Extracted records:
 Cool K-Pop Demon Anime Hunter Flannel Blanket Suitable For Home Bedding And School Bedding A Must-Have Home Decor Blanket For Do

* * *

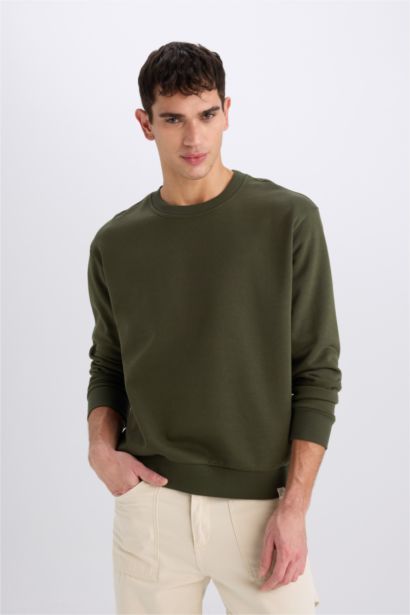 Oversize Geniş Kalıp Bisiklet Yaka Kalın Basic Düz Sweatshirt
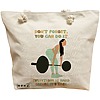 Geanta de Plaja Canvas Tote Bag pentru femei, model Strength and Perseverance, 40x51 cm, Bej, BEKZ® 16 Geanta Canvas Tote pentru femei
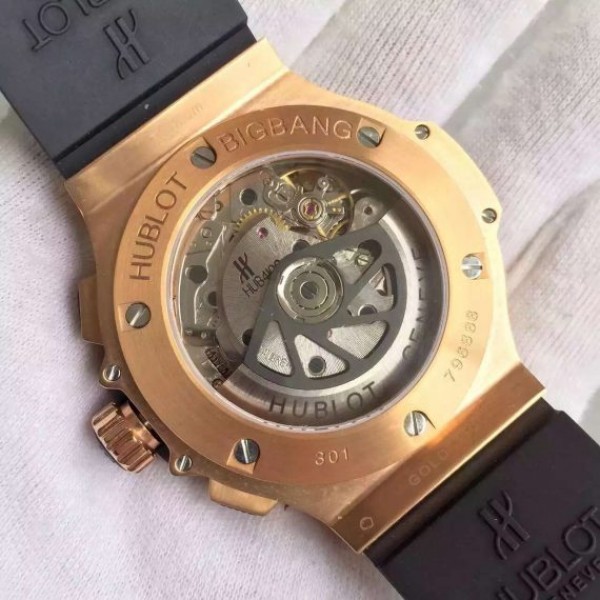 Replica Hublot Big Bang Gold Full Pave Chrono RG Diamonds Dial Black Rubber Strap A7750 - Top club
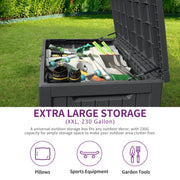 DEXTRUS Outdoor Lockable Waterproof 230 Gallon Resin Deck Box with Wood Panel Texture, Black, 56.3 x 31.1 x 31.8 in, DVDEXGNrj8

==

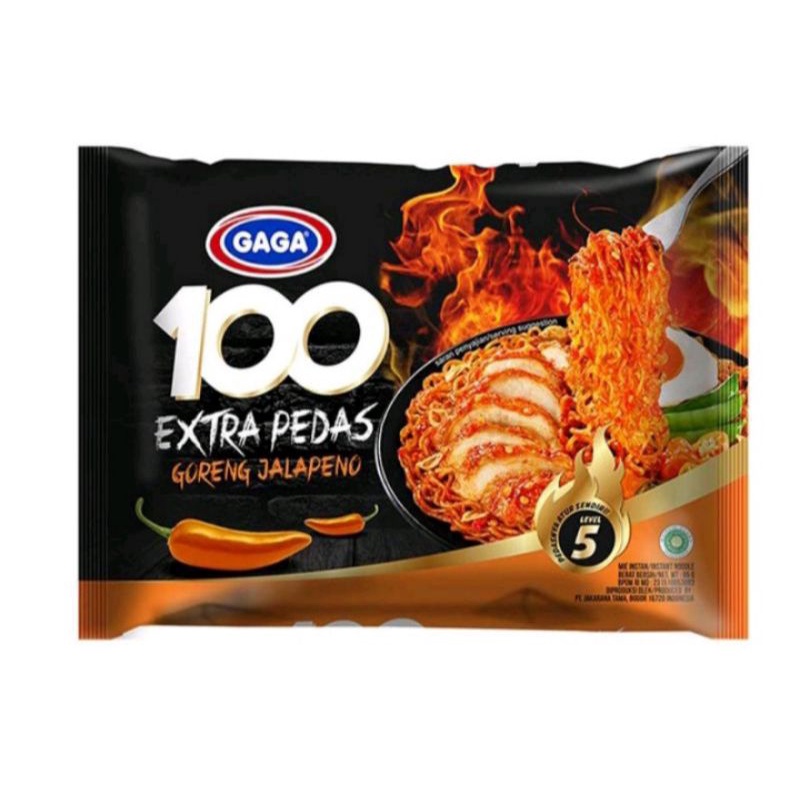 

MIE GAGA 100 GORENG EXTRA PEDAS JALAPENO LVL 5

Activity:
Copy everything above from the line holding "Oversize Geniş Kalıp" down to the line holding "DEXTRUS Outdoor Lockable", both ends included, exactly as it stands and without the pictures.

Solution to this exercise:
 Oversize Geniş Kalıp Bisiklet Yaka Kalın Basic Düz Sweatshirt
 Geanta de Plaja Canvas Tote Bag pentru femei, model Strength and Perseverance, 40x51 cm, Bej, BEKZ® 16 Geanta Canvas Tote pentru femei
 Replica Hublot Big Bang Gold Full Pave Chrono RG Diamonds Dial Black Rubber Strap A7750 - Top club
 DEXTRUS Outdoor Lockable Waterproof 230 Gallon Resin Deck Box with Wood Panel Texture, Black, 56.3 x 31.1 x 31.8 in, DVDEXGNrj8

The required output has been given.